My review of Cloud Atlas was posted on FBC last month, and I will admit that I did not have to pay money to see the film. It was free. I’m going to see the movie again this week, and I’m going to pay for it this time. I’m also going to see it at night when there’s no discounted price for a matinee ticket. I’m going out of my way to buy the most expensive ticket. I’m doing this because I want to do my small part to help assuage what is probably inevitable – that Cloud Atlas is going to be a financial disaster at the box office.

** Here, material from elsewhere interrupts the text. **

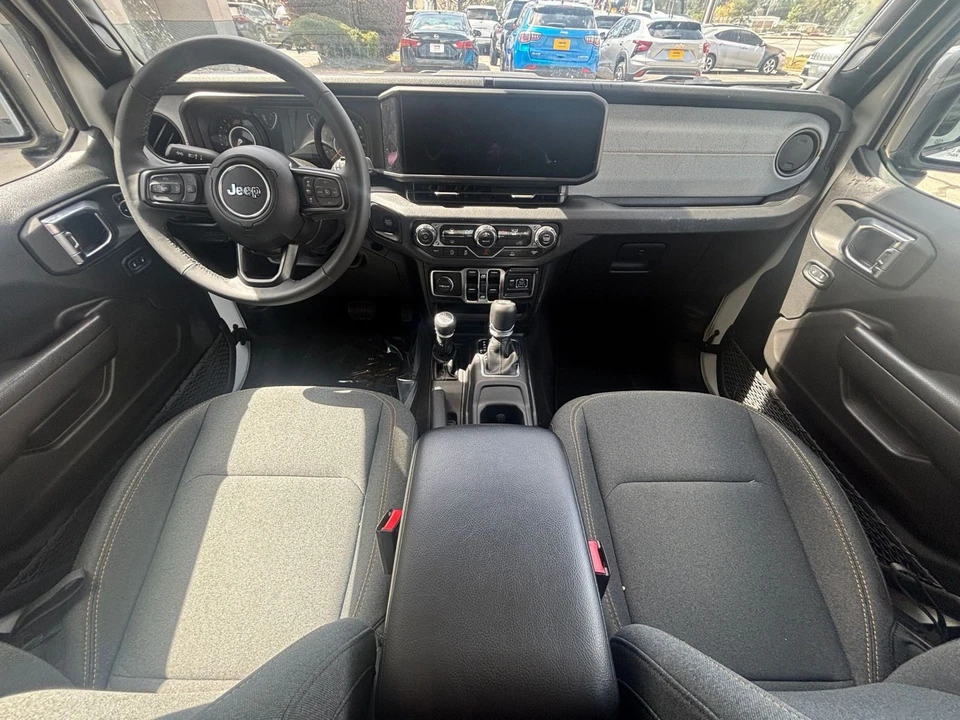 2025 Jeep JL Wrangler - Image 27 of 31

I don’t pay a lot of attention to box office reports; I’ll admit that I’m not much interested in the business part of show business. But, I would be naïve to think that the money side of things isn’t likely more important that the creative side in some ways. And so, I noticed yesterday that Cloud Atlas had a disastrous opening weekend in North America. It grossed less than $10 million ($9.6 to be more precise) in its first three days, and prognosticators think it will top out at around $30 million domestic. Cloud Atlas cost around $100 million to produce. It was actually financed independently and distributed by Warner Bros. It looks destined to lose a lot of money.

Granted, Cloud Atlas was always going to be a hard movie to sell. It’s three hours long. It’s impossible to be easily explained to people. I can’t imagine cutting it into a comprehensible trailer. (The film’s initial trailer was over 5 minutes long and only played on the internet, as the MPAA limits trailer length for theatrical screenings.) But, it does have big starts in it. Was there a show last week that Tom Hanks didn’t appear on to plug the film?

My fear is the flopping of Cloud Atlas will be further evidence to the studios to not invest in this kind of picture. It’s more or less constant for me when I get into a conversation with people about movies that they inevitably start to complain about their quality. The biggest lamentation seems to be a lack of creativity or a passion to tell original stories any more. Everything is a sequel. Everything is a remake. Or a reboot. The failure of Cloud Atlas isn’t going to do anything except cause the people with the power to greenlight a film to retreat into the safety of films they think they can easily sell. And, who can blame them for being risk-averse? If their movies tank, the people who greenlit them lose their jobs.

Cloud Atlas isn’t a perfect film, but it is a very good one. It’s incredibly risky and ambitious. Literary critics said for years that David Mitchell’s novel was unadaptable. We, as geeks, need to reward this kind of risk taking or be part of the problem and just complain about the movies we’re being given.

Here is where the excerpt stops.